The effects of Hessian eigenvalue spectral density type on the applicability of Hessian analysis to generalization capability assessment of neural networks
Nikita Gabdullin
TL;DR
This work investigates how the Hessian eigenvalue spectral density (HESD) relates to neural network generalization, focusing on the prevalence of MP-HESD (mostly positive eigenvalues) during standard training and the emergence of MN-HESD (mostly negative eigenvalues) under external gradient manipulation. It introduces a practical HESD-type criterion, Ct, to classify HESD type and outlines a unified generalization assessment framework that remains reliable for MP-HESD but breaks down for MN-HESD. The study demonstrates that data augmentation and typical optimizers maintain MP-HESD and good generalization, while gradient manipulations (e.g., AdaHessian, clipping) can induce MN-HESD and undermine Hessian-based conclusions. It further proposes updated numerical conditions and an algorithm to assess generalization using HESD, emphasizing the need to verify HESD type before applying Hessian-based criteria and acknowledging quasi-singular HESD as a potential confounder. The findings highlight a practical pathway for Hessian-based generalization analysis in MP-HESD scenarios while warning against reliance on such analyses when MN-HESD is present, with implications for model selection and training protocols in real-world settings.
Abstract
Hessians of neural network (NN) contain essential information about the curvature of NN loss landscapes which can be used to estimate NN generalization capabilities. We have previously proposed generalization criteria that rely on the observation that Hessian eigenvalue spectral density (HESD) behaves similarly for a wide class of NNs.
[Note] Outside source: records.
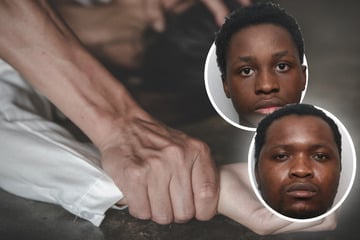 Einer der Peiniger war sogar HIV-positiv! 12-Jährige nach Vergewaltigung schwanger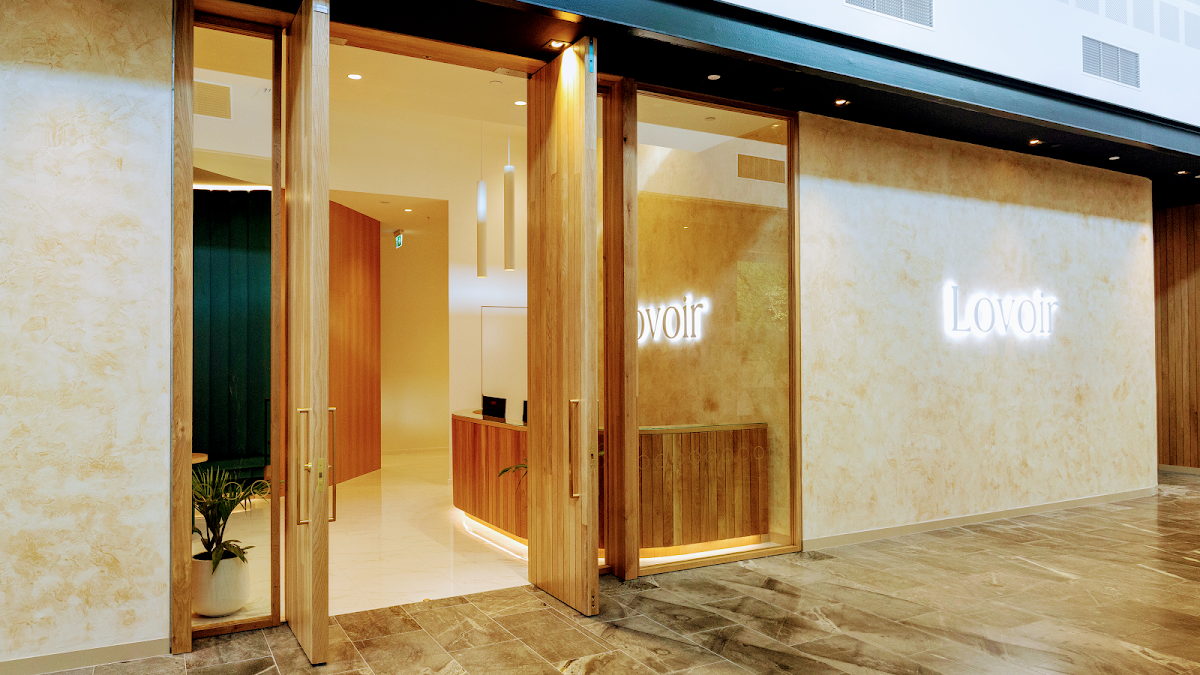 Lovoir Day Spa Christchurch
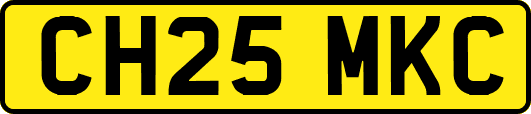 CH25MKC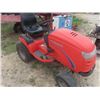 Image 2 : Simplicity Prestige 20 HP Lawn Tractor with Attachments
This paper further studies their applicability by investigating factors that can result in different types of HESD. We conduct a wide range of experiments showing that HESD mainly has positive eigenvalues (MP-HESD) for NN training and fine-tuning with various optimizers on different datasets with different preprocessing and augmentation procedures. We also show that mainly negative HESD (MN-HESD) is a consequence of external gradient manipulation, indicating that the previously proposed Hessian analysis methodology cannot be applied in such cases. We also propose criteria and corresponding conditions to determine HESD type and estimate NN generalization potential. These HESD types and previously proposed generalization criteria are combined into a unified HESD analysis methodology. Finally, we discuss how HESD changes during training, and show the occurrence of quasi-singular (QS) HESD and its influence on the proposed methodology and on the conventional assumptions about the relation between Hessian eigenvalues and NN loss landscape curvature.